TASK TO CARRY OUT: In your copy of the entries, please include no pictures and return every word exactly.

╭─ LISTED RECORDS

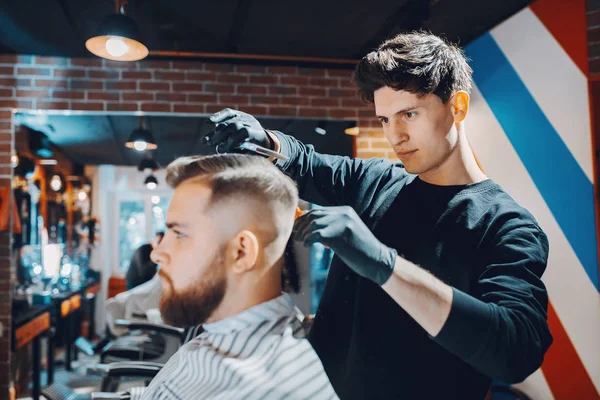 Stilvoller Mann sitzt in einem Friseurladen — Stockfoto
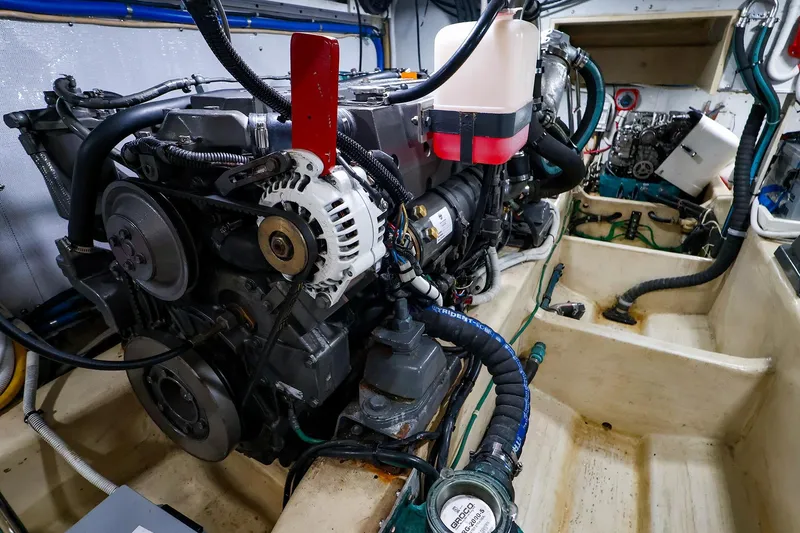 Slide: The Image of Engine room of 2005 New England Boatworks Downeast Sedan, showcasing detailed mechanical components. - 42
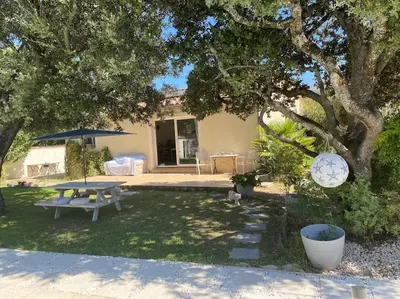 a backyard with a table and a picnic table and a tree at Maison de Vacances en Provence in Venasque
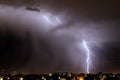 Lightning strikes at night during a severe thunderstorm over the city of Mendoza, Argentina. Royalty Free Stock Photo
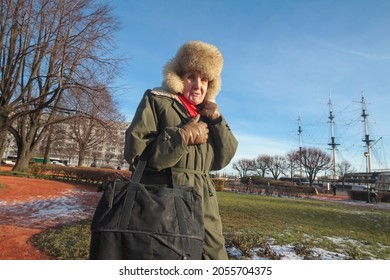 St. Petersburg, Russia - February 2, 2021. The Face Of An Old Woman In A Large Fur Hat Close-up. Severe Deep Facial Wrinkles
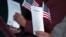 FILE - Participants hold the "Oath of Allegiance" and American flags during a naturalization ceremony at the National Archives in Washington, Dec. 15, 2015.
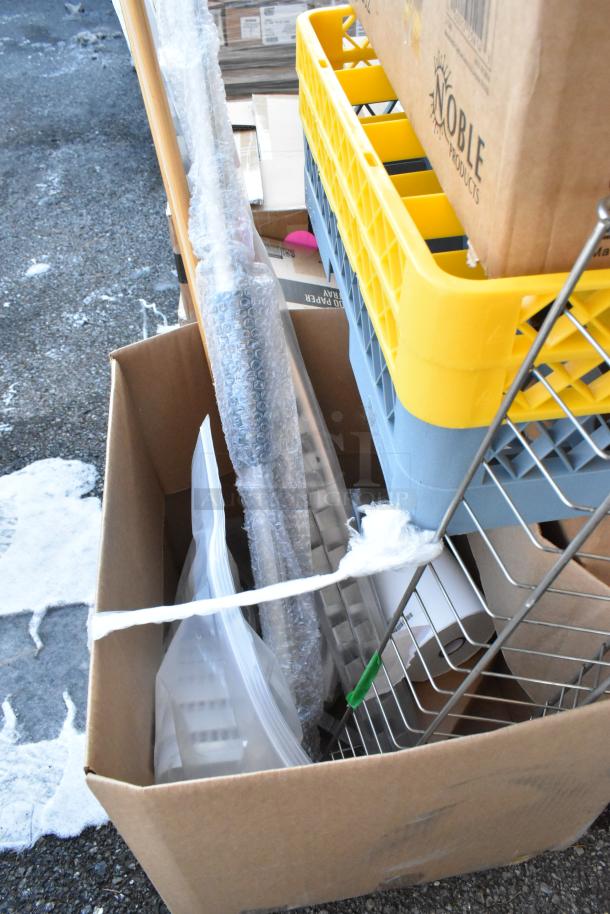 Cardboard box with scratch and dent items, including coffee mugs, food trays, and bowls, next to a Noble Products crate.
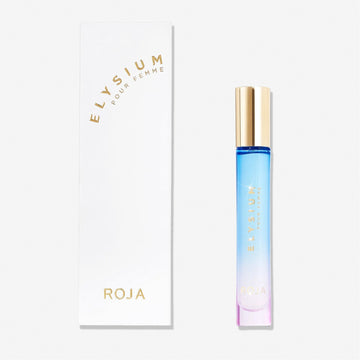 A rectangular white box labeled Elysium Pour Femme by Roja Parfums sits beside a slim perfume bottle with a gold cap, blue-to-pink gradient glass, and gold lettering—suggesting opulent fruity, floral, and musk scents on a white background.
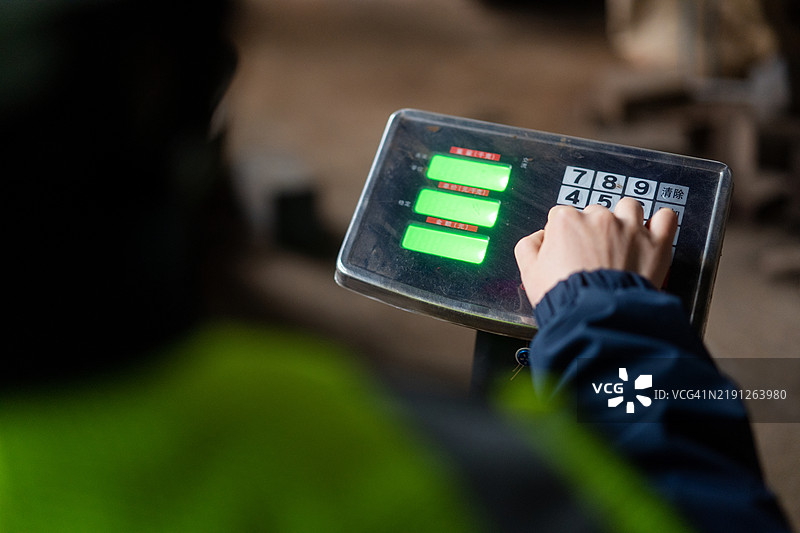 使用电子秤称重。图片素材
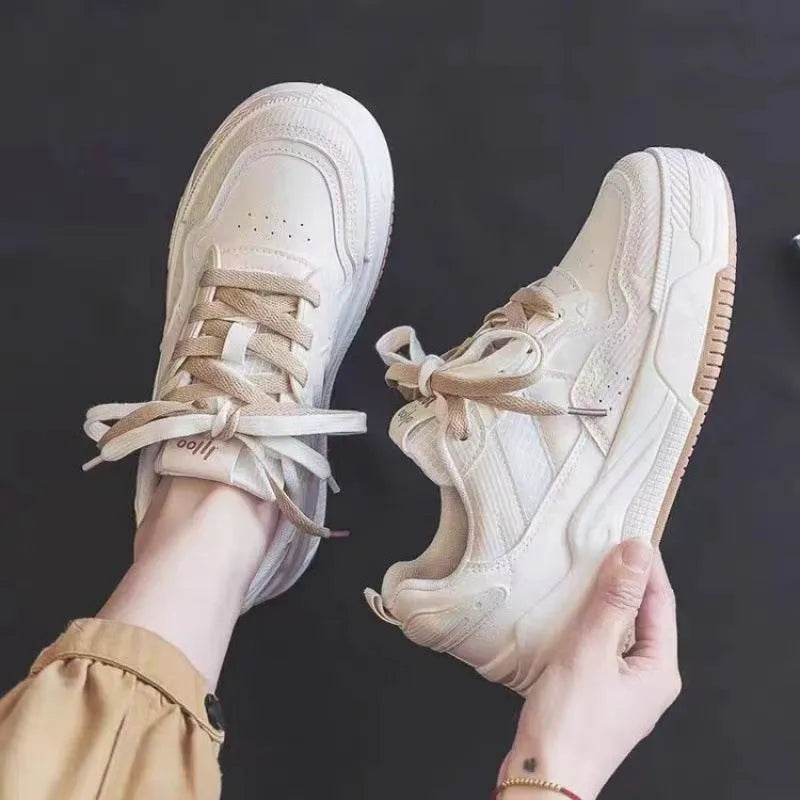 Women's pink and beige low-top sneakers with a rubber sole for height increase.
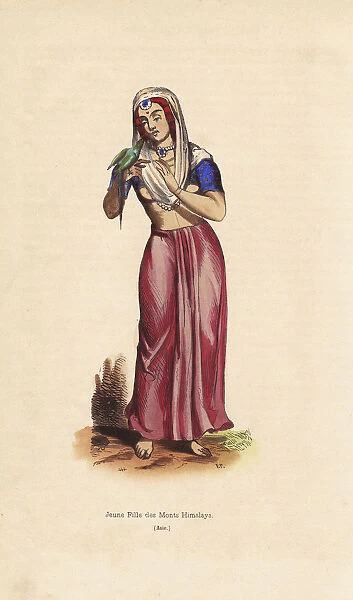 Girl from the Himalayan mountains playing with a parrot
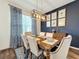 Elegant dining room with dark wood table and blue patterned curtains at 5935 Maidenstone Way, Palmetto, FL 34221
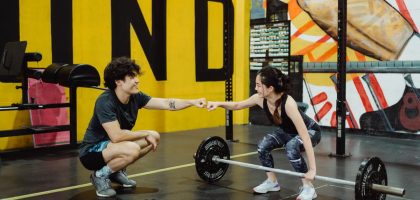 Man and woman in gym sharing a fist bump to celebrate a workout session.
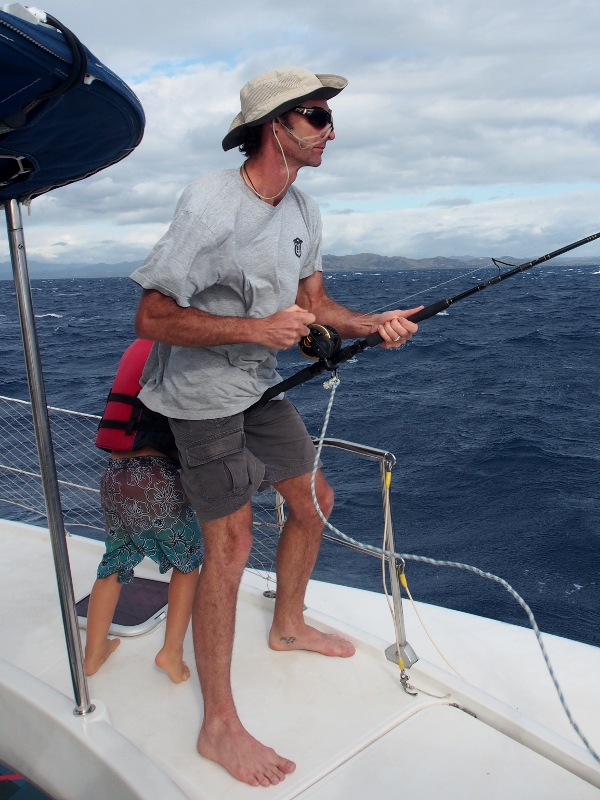 Andrew trying his luck at fishing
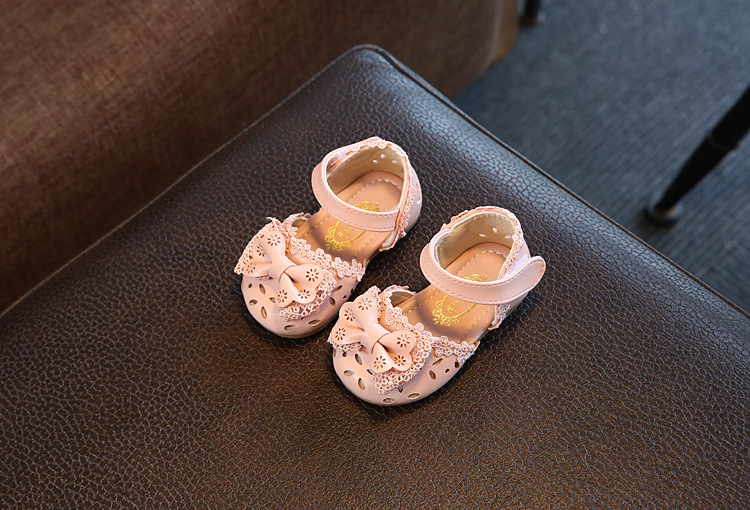 New girls' hollow out anti slip and wear-resistant sandals half sandals Korean version children's bow princess baby shoes soft sole fashionable single shoe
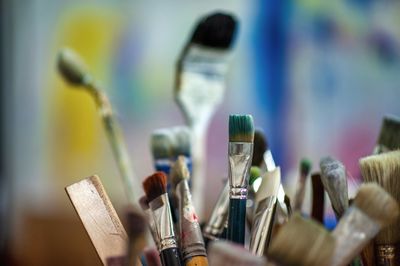 Close-up of paintbrushes on table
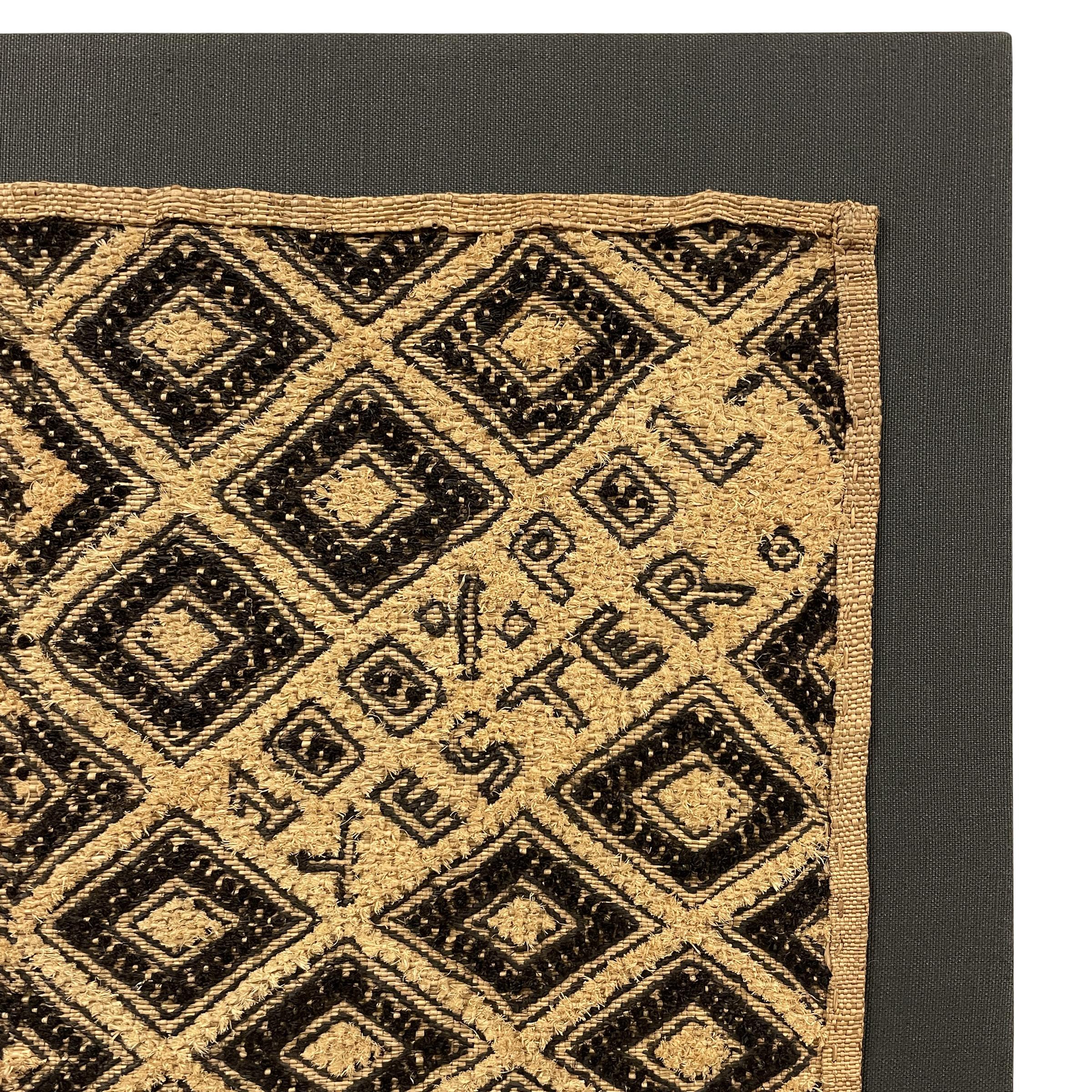 A provocative late 20th century Kuba cloth panel with a bold zigzag and diamond pattern woven in black and natural cut pile raffia surrounding a tongue-in-cheek inscription reading, 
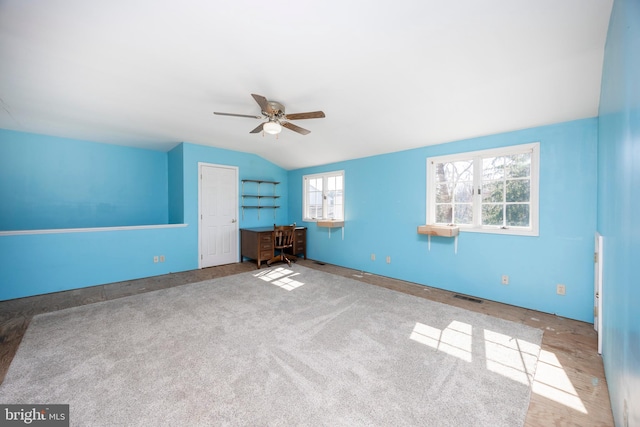 unfurnished bedroom with visible vents, lofted ceiling, carpet flooring, and a ceiling fan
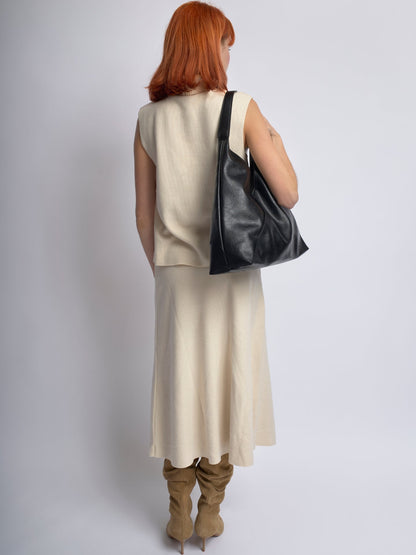 Black leather shoulder bag viewed from the back, slouchy silhouette and wide strap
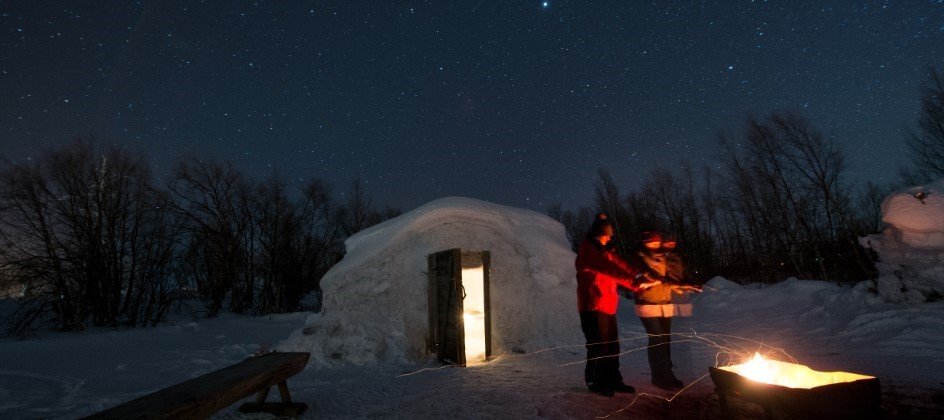 A couple in a snow igloo by a fire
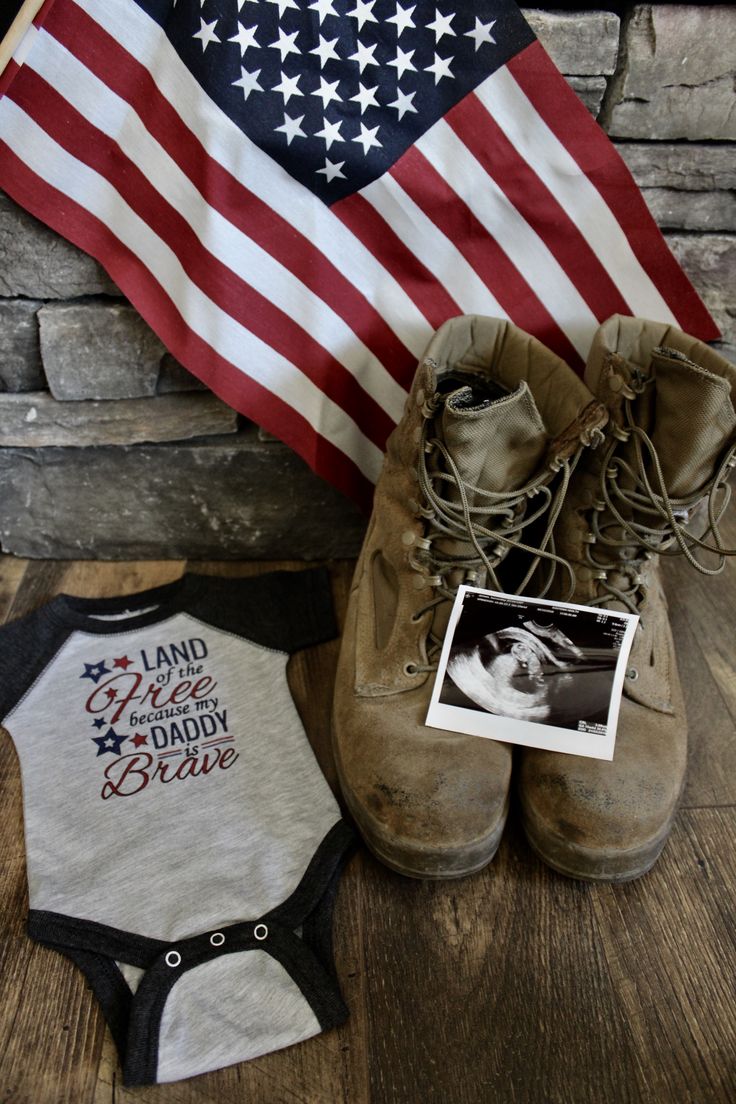 a pair of boots and a baby's bodysuit are next to an american flag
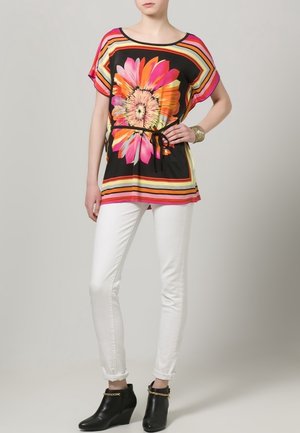 Czarna bluzka w kwiaty w kolorach różowym, żółtym i pomarańczowym, z elastycznym ściągaczem w talii. Połączona z białymi obcisłymi spodniami i czarnymi botkami za kostkę.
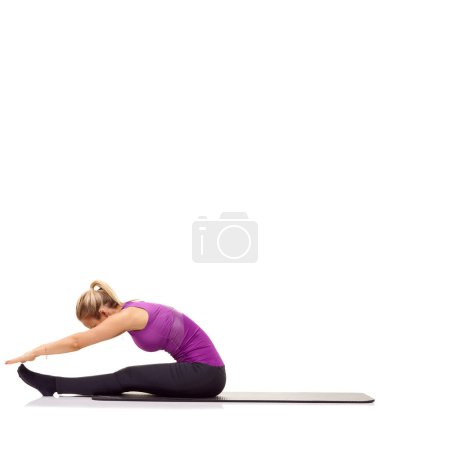 Photo for Woman, stretching or fitness on mat in studio for exercise, workout or healthy body with mock up space. Person, training or wellness for abdomen muscle or core strength and yoga with white background. - Royalty Free Image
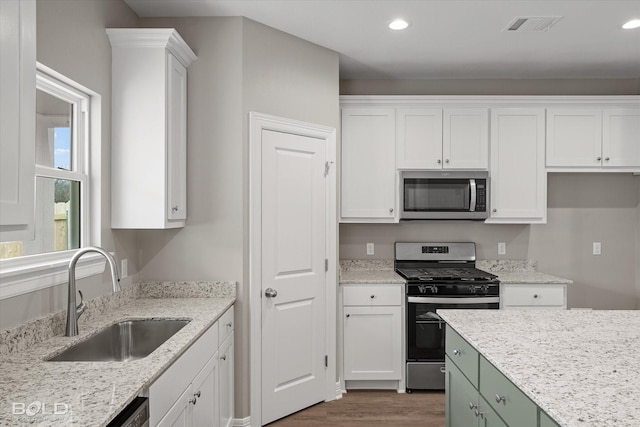 kitchen with appliances with stainless steel finishes, a sink, visible vents, and white cabinets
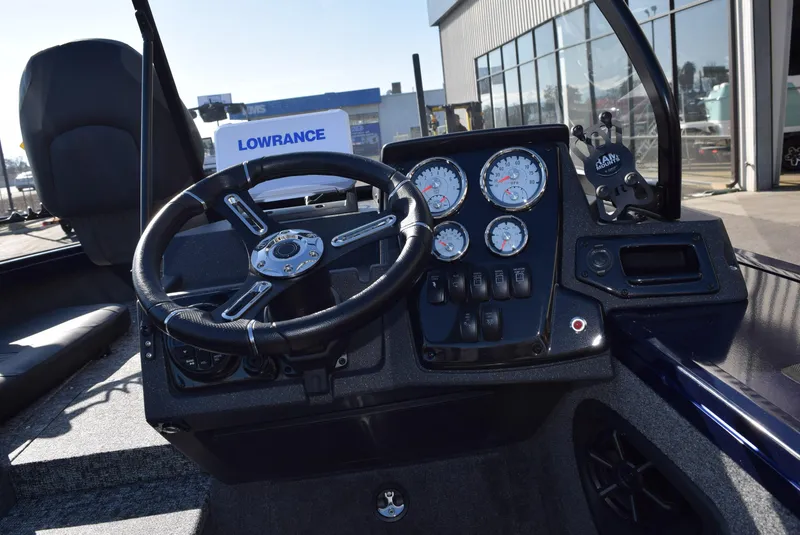 Slide: The Image of 2025 Tracker Targa V-19 Combo boat dashboard with steering wheel and gauges. - 10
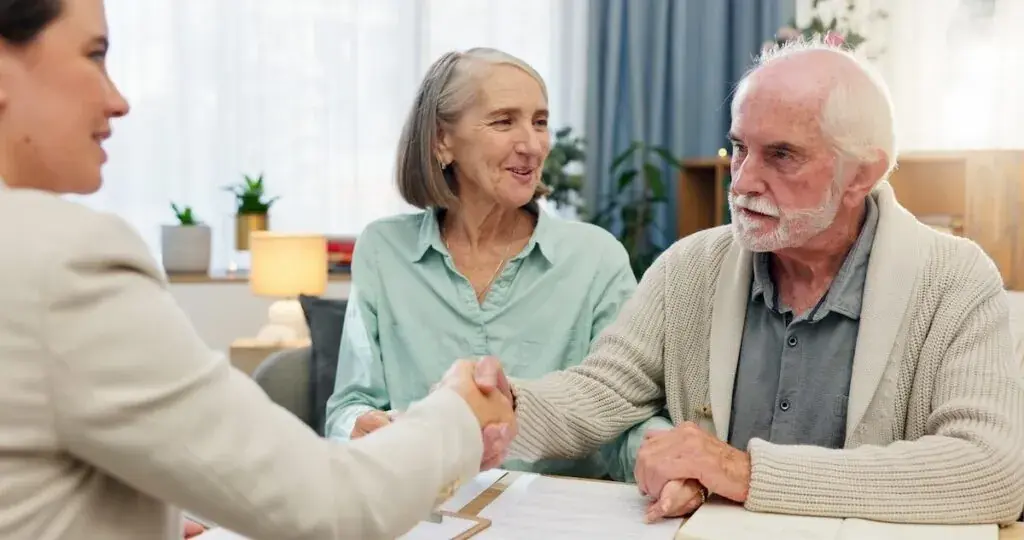 senior-couple-shaking-hands-with-a-real-estate-agent-1024x540.jpeg
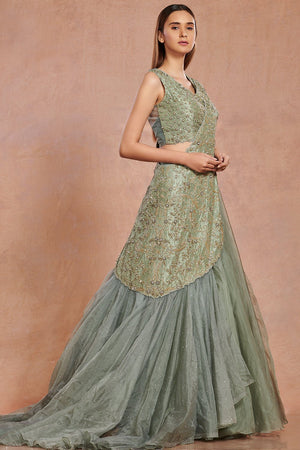 Buy beautiful sea green embroidered contemporary lehenga online in USA.  Make a fashion statement on festive occasions and weddings with designer suits, Indian dresses, Anarkali suits, palazzo suits, designer gowns, sharara suits from Pure Elegance Indian fashion store in USA.-left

╰─

WORKED SOLUTION:
 Stilvoller Mann sitzt in einem Friseurladen — Stockfoto
 Slide: The Image of Engine room of 2005 New England Boatworks Downeast Sedan, showcasing detailed mechanical components. - 42
 a backyard with a table and a picnic table and a tree at Maison de Vacances en Provence in Venasque
 Lightning strikes at night during a severe thunderstorm over the city of Mendoza, Argentina. Royalty Free Stock Photo
 St. Petersburg, Russia - February 2, 2021. The Face Of An Old Woman In A Large Fur Hat Close-up. Severe Deep Facial Wrinkles
 FILE - Participants hold the "Oath of Allegiance" and American flags during a naturalization ceremony at the National Archives in Washington, Dec. 15, 2015.
 Cardboard box with scratch and dent items, including coffee mugs, food trays, and bowls, next to a Noble Products crate.
 A rectangular white box labeled Elysium Pour Femme by Roja Parfums sits beside a slim perfume bottle with a gold cap, blue-to-pink gradient glass, and gold lettering—suggesting opulent fruity, floral, and musk scents on a white background.
 使用电子秤称重。图片素材
 Women's pink and beige low-top sneakers with a rubber sole for height increase.
 Girl from the Himalayan mountains playing with a parrot
 Elegant dining room with dark wood table and blue patterned curtains at 5935 Maidenstone Way, Palmetto, FL 34221
 Man and woman in gym sharing a fist bump to celebrate a workout session.
 Andrew trying his luck at fishing
 New girls' hollow out anti slip and wear-resistant sandals half sandals Korean version children's bow princess baby shoes soft sole fashionable single shoe
 Close-up of paintbrushes on table
 A provocative late 20th century Kuba cloth panel with a bold zigzag and diamond pattern woven in black and natural cut pile raffia surrounding a tongue-in-cheek inscription reading, 
 unfurnished bedroom with visible vents, lofted ceiling, carpet flooring, and a ceiling fan
 Black leather shoulder bag viewed from the back, slouchy silhouette and wide strap
 A couple in a snow igloo by a fire
 a pair of boots and a baby's bodysuit are next to an american flag
 Czarna bluzka w kwiaty w kolorach różowym, żółtym i pomarańczowym, z elastycznym ściągaczem w talii. Połączona z białymi obcisłymi spodniami i czarnymi botkami za kostkę.
 Photo for Woman, stretching or fitness on mat in studio for exercise, workout or healthy body with mock up space. Person, training or wellness for abdomen muscle or core strength and yoga with white background. - Royalty Free Image
 kitchen with appliances with stainless steel finishes, a sink, visible vents, and white cabinets
 Slide: The Image of 2025 Tracker Targa V-19 Combo boat dashboard with steering wheel and gauges. - 10
 senior-couple-shaking-hands-with-a-real-estate-agent-1024x540.jpeg
 Buy beautiful sea green embroidered contemporary lehenga online in USA.  Make a fashion statement on festive occasions and weddings with designer suits, Indian dresses, Anarkali suits, palazzo suits, designer gowns, sharara suits from Pure Elegance Indian fashion store in USA.-left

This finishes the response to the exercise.